Jakarta: Integrasi perkebunan kelapa sawit dan peternakan sapi lebih ramah lingkungan dan dapat menekan biaya produksi. 
Perusahaan perkebunan pelat merah, PT Perkebunan Nusantara VI (PTPN VI), mulai merasakan manfaatnya.
Direktur Utama PTPN VI Iskandar Sulaeman menuturkan, pada tahun lalu 
Menteri BUMN Dahlan Iskan menugasi BUMN-BUMN untuk melakukan integrasi 
perkebunan sawit dengan peternakan sapi. 
"Tapi, kami sudah melakukan integrasi ini selama dua tahun," kata 
Iskandar yang ditemui Media Indonesia sebelum acara talkshow Expo 
Nasional Inovasi Perkebunan (ENIP) 2013, Sabtu (31/8), di Jakarta 
COnvention Center, Jakarta.
Iskandar menuturkan, sistem integrasi ini berupa penggunaan kotoran sapi
 sebagai pupuk untuk tanaman kelapa sawit dan pelepah kelapa sawit 
sebagai pengganti rumput untuk pakan sapi.
Menurut Iskandar, selama ini, saat panen buah, pelepah sawit dipotong 
untuk mengambil buah kelapa sawit.

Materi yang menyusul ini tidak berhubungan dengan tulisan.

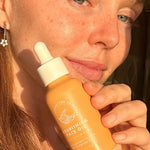 SunButter Nourishing Face Oil held beside face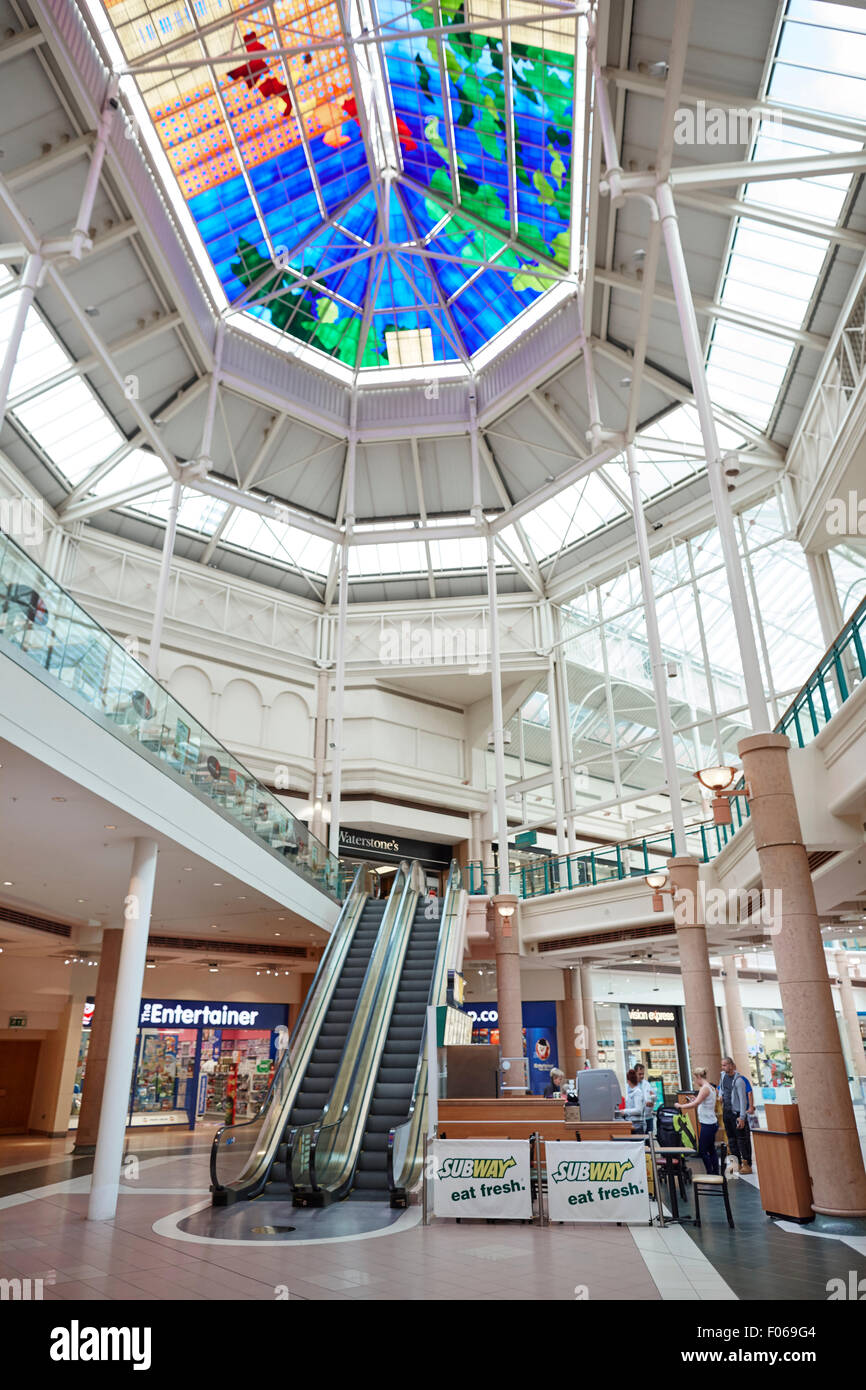 Spindeln Stadt Einkaufszentrum Rolltreppen Frau Mama Kinderwagen schieben verzierten Features Atrium Glas innen überdachte Einkaufszentrum mit Stockfoto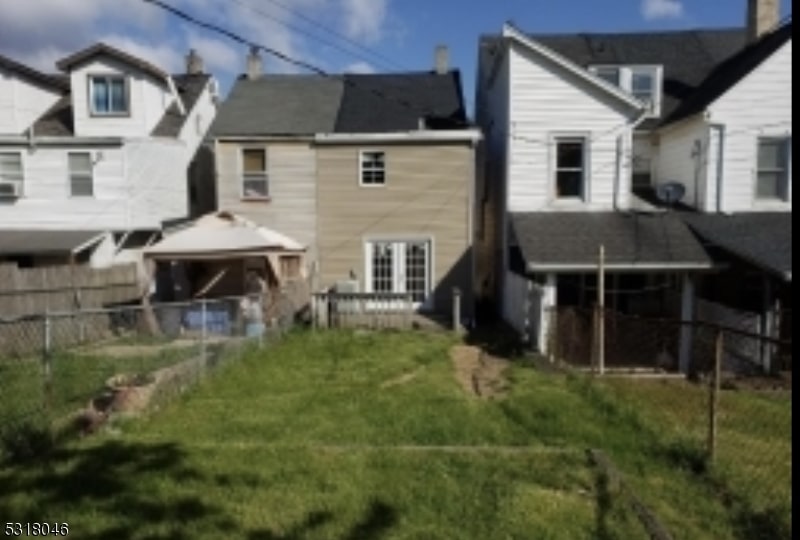 rear view of house featuring a gazebo and a yard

Jumlah pelepah dalam satu tahun 
antara 20-26 pelepah dari satu pohon. Pelepah ini umumnya diletakkan 
begitu saja di antara satu pohon sawit dengan pohon sawit lainnya untuk 
menjadi pupuk kompos. 
Jangka waktu pelepah hingga menjadi kompos antara 9-12 bulan.
Integrasi perkebunan sawit dengan peternakan sapi inipun memungkinkan 
pelepah sawit menjadi pakan ternak. Pelepah sawit dipotong-potong dan 
dimasukkan ke dalam mesin pengaduk bersama dengan bungkil sawit dan 
tetes tebu untuk menjadi pakan ternak. 
Bungkil sawit ini merupakan pengganti kedelai yang umumnya digunakan untuk membuat pakan sapi yang konvensional.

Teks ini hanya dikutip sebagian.